Long before Europeans reached this part of the world it was inhabited by Tlingit Indians, who had fishing camps set up on the shores of various inlets. While a glacial push about 300 years ago shoved many of these villages off the landscape, National Park Service historians note that "native people carried on their activities in many places along the nearby coast, places that may have been free of ice for as long as 13,000 years."
"The oldest known site in Glacier Bay National Park, located in Dundas Bay, is about 800 years old," they tell us. "Natives were at Lituya Bay, on the park’s wild outer coast, to greet (French explorer Jean François de Galaup) Lapérouse in 1786. Although a series of earthquake-triggered tidal waves, the latest in 1959, devastated most of the shoreline of Lituya Bay, a pocket of undisturbed forest still harbors archeological evidence of their life there."
The landscape that was to become Glacier Bay National Park and Preserve was ice-capped when European explorers first reached this corner of the world. When Capt. James Cook visited the area in 1778, the Grand Pacific Glacier ran past present-day Bartlett Cove and out past Point Carolus and Point Gustavus almost into Icy Strait.
Sixteen years later the ice had ebbed a bit. When Capt. George Vancouver visited the area in 1794, the Grand Pacific Glacier had backed up to Bartlett Cove, where park headquarters and the Glacier Bay Lodge are located today.
John Muir made his first visit to the region in 1879, traveling by canoe with the Rev. S. Hall Young and guided by four Tlingit Indians. Glaciers restricted his foray into the landscape to the area around today's Geikie Inlet, though when he returned in 1890 he was able to make it a bit farther north to the area that bears his name, Muir Point.
The renowned naturalist quickly fell in love with the landscape that would later become a national park. At one point during his first visit the usual cloud cover broke up long enough to provide Muir with a spectacular view of the Fairweather Range.
"The view to the westward is bound and almost filled by the glorious Fairweather Mountains, the highest among them springing aloft in sublime beauty of nearly sixteen thousand feet, while from base to summit every peak and spire and dividing ridge of all the mighty host was spotless white, as if painted. It would seem that snow could never be made to lie on the steepest slopes and precipices unless plastered on when wet, and then frozen. ... In the evening, after witnessing the unveiling of the majestic peaks and glaciers and their baptism in the down-pouring sunbeams, it seemed inconceivable that nature could have anything finer to show us," he wrote in Travels in Alaska, which was published in 1915.

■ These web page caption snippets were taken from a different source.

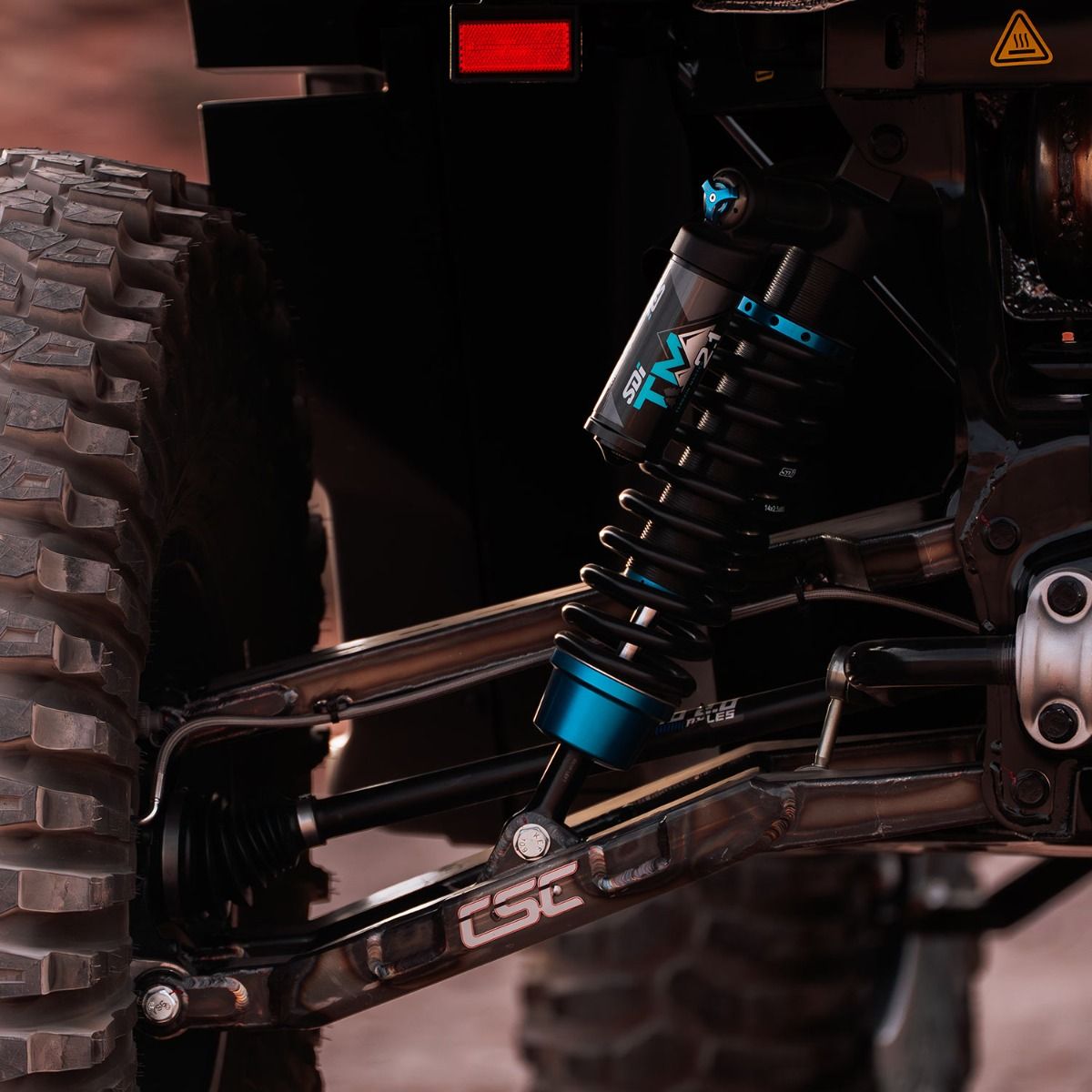 Can-Am Defender HD11 Terrain Master 2.1 Shocks | SDI Suspension Direct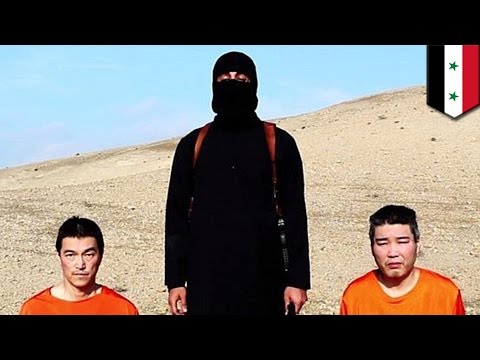 ISIS VIDEO: Jihadi John threatens to kill Japanese hostages unless ISIS gets $200 million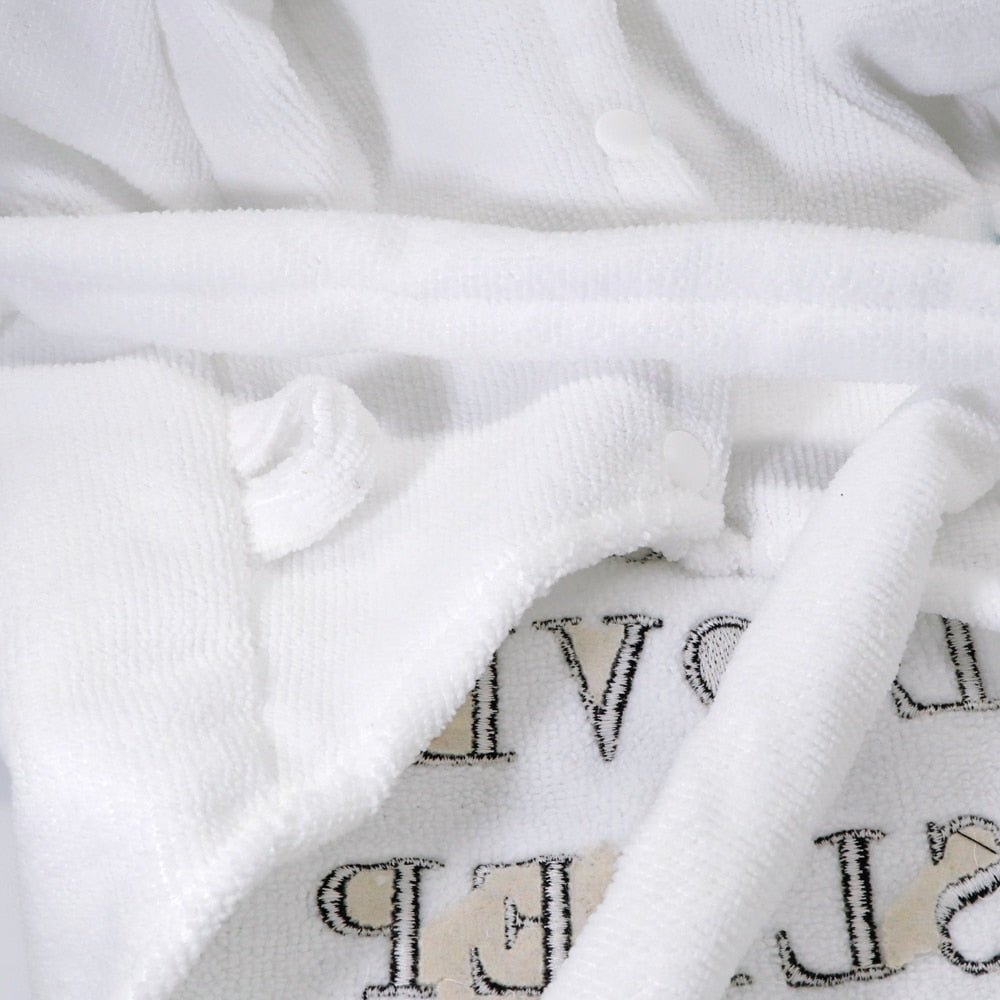 Badjas voor Honden - Warme Kleding voor Hondjes - de Hondenhoek Outlet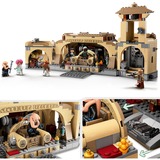 LEGO Star Wars - Boba Fetts troonzaal Constructiespeelgoed 75326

Pioneer ecologist William S. Cooper of the University of Minnesota conducted studies of plant succession beginning in 1916, and was instrumental in the move to have the area protected.
The "preserve" portion of the park covers a tiny portion of the overall park, just 58,406 acres, and it's located in the extreme northwestern corner. Here hunting and trapping are permitted. Glacier Bay National Preserve is accessed by air, and involves a 50-mile air taxi flight from Yakutat. There are no scheduled flights
When President Calvin Coolidge in 1925 signed the legislation that created Glacier Bay National Monument, he noted not only the tidewater glaciers and range of forests, but the "unique opportunity for the scientific study of glacial behavior and resulting movements and developments of flora and fauna and of certain valuable relics of interglacial forests."
That declaration, with its specific emphasis on the science that could be performed in Glacier Bay, continues to guide the park's research efforts to this day.
In 1939 President Franklin D. Roosevelt more than doubled the size of the monument, and in 1980 President Carter protected more lands when he signed the Alaska National Interest Lands Conservation Act, which also renamed the unit to Glacier Bay National Park and Preserve.